In the drawings, positions shown by circled "+" correspond to the
excited points P(1) to P(5). FIG. 7A to FIG. 7F correspond to the
vibration modes C1, A0, C2, T1, C3, C4 of the top of the violin
which are shown in FIG. 6. In this manner, the vibrations
corresponding to the vibration modes of the top of the violin can
be generated on the vibration plate 111. That is, it is possible to
reproduce the distribution of acoustic waves along the surface of
the top of the violin (shape information).
[0067] In these simulations, the reflection of waves at edges (end
portions) of the vibration plate 111 is disregarded and only
primary propagation waves from the excited points P are handled.
The waves reflected from the edges of the vibration plate 111 can
be thought to be small compared with the primary propagation waves
transmitted directly from the excited points P.
[0068] As described above, by applying the vibrations to the plural
excited points P of the vibration plate 111, wavefronts made by the
plural smoothly coupled vibrations can be generated on the front
surface of the vibration plate 111. For example, as shown in the
vibration mode C3 in FIG. 4, the vibrations including the
fundamental frequency f0(t) and its harmonics are applied to the
different excited points P and the vibrations are synthesized on
the surface of the vibration plate 111. As a result, it is possible
to generate acoustic waves having a wavelength change in the
surface direction, which enables the expression of rich tones. At
this time, the vibration plate 111 curves and sound is emitted
along the curved surface.
[0069] A "speaker array" system is a possible method of forming the
wavefronts made by a plurality of smoothly coupled vibrations as
described above. In the "speaker array" system, a large number of
typical loud speakers are disposed planarly and are controlled
independently. In this system, however, the individual speaker can
generate only single sound and occupies some space, which makes it
difficult to ensure smooth coupling of waves generated by the
speakers.
[0070] The acoustic vibration reproducing apparatus 100 does not
directly reproduce a sound image, but reproduces the vibration and
the shape of the surface of a sounding body (for example, a musical
instrument) to synthesize the generated wavefronts. As a result,
the smoothness of the wavefronts of acoustic vibrations generated
from the vibration plate 111 can be easily ensured. The following
second to fourth embodiments can provide the same advantages.
Second Embodiment
[0071] The second embodiment of the present invention will be
described. FIG. 8 is a perspective view showing an acoustic
vibration reproducing apparatus 200 according to the second
embodiment of the present invention. FIG. 9 is a cross-sectional
view showing the internal structure of an acoustic vibration part
210 of the acoustic vibration reproducing apparatus 200 of the
present invention.
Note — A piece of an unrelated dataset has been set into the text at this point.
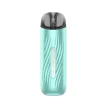 Vaporesso Osmall 2 Vape Pod Kit Green | Guardian Vape Shop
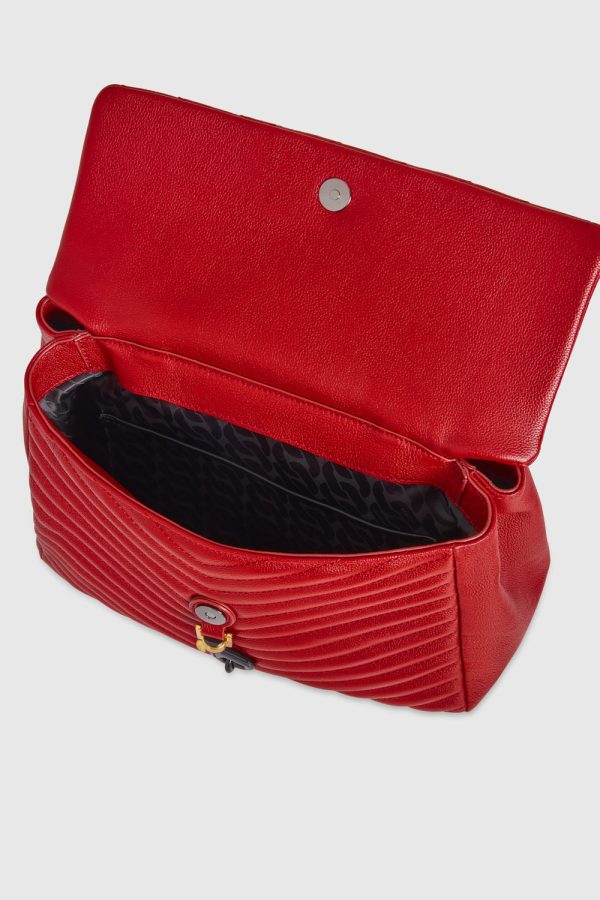 Gridthreads.shop07005dfd77 3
The acoustic vibration reproducing apparatus 200
has the acoustic vibration part 210, a vibration control unit 220,
a vibration mode storage unit 230, and an excited point control
table 240.
[0072] The whole acoustic vibration part 210 has the shape of a
violin and is capable of generating a vibration in a vibration mode
closer to the original vibration mode of the violin. The acoustic
vibration part 210 has vibration plates 211(1), 211(2), exciting
units 212(1), 212(2), vibration transmitting parts 213(1), 213(2),
an enclosure 214, sealing parts 215(1), 215(2), and a brace 216 and
is supported on a holder 217.
[0073] The vibration plates 211(1), 211(2) have shapes (external
shapes, dimensions, curved surfaces) corresponding to a top and a
back of a violin respectively. Vibrations of both the top and the
back of the violin, that is, a sound field generated from the
violin can be faithfully reproduced.
[0074] The exciting units 212(1), 212(2) vibrate the vibration
plates 211(1), 211(2) respectively and are disposed on both
surfaces of the brace 216.
[0075] The enclosure 214 has a shape corresponding to a side panel
of the violin, and the vibration plates 211(1), 211(2) which are
attached to the enclosure 214 as its top plate and bottom plate
seal the inside of the enclosure 214 to prevent the vibrations from
being emitted out of the enclosure 214.
[0076] The sealing parts 215(1), 215(2) are disposed for the
vibration plates 211(1), 211(2) respectively to extend along upper
and lower edges of the enclosure 214 and restrict the flow of
acoustic waves out of the enclosure 214.
[0077] The brace 216 is a plate having a shape of a cross and its
four ends are fixed to the enclosure 214. The exciting units
212(1), 212(2) are disposed on an upper and a lower surface of the
brace 216 to independently control the vibration plates 211(1),
211(2) respectively, thereby enabling faithful reproduction of the
vibrations of the top and the back of the violin. That is, the
brace 216 functions as a stationary part on which the exciting
units 212 are disposed. The brace 216 preferably has rigidity since
it serves as a basis of the vibrations of the vibration plates
211(1), 211(2).
[0078] The vibration control unit 220 controls the two vibration
plates 211(1), 211(2) independently via the exciting units 212(1),
212(2).
[0079] The vibration mode storage unit 230 stores a reference
vibration Ws(t) and a vibration mode M(t) of the violin, for
instance, in correspondence to time (time shift of a vibration
state).
[0080] The excited point control table 240 stores, as a table, a
relation between vibration modes of the vibration plates 211(1),
211(2) and relative vibrations of the exciting units 212(1),
212(2). The vibration states of the top and the back of the violin
may be in the same vibration mode or may be in different vibration
modes. Therefore, vibrations applied to the vibration plates
211(1), 211(2) are not completely the same.
Third Embodiment
[0081] The third embodiment of the present invention will be
described. FIG. 10 is a schematic view showing an acoustic
vibration reproducing apparatus 300 according to the third
embodiment of the present invention. FIG. 11 is a cross-sectional
view showing the internal structure of an acoustic vibration part
310 of the acoustic vibration reproducing apparatus 300. The
acoustic vibration reproducing apparatus 300 has the acoustic
vibration part 310, a vibration control unit 320, a vibration mode
storage unit 330, and an excited point control table 340.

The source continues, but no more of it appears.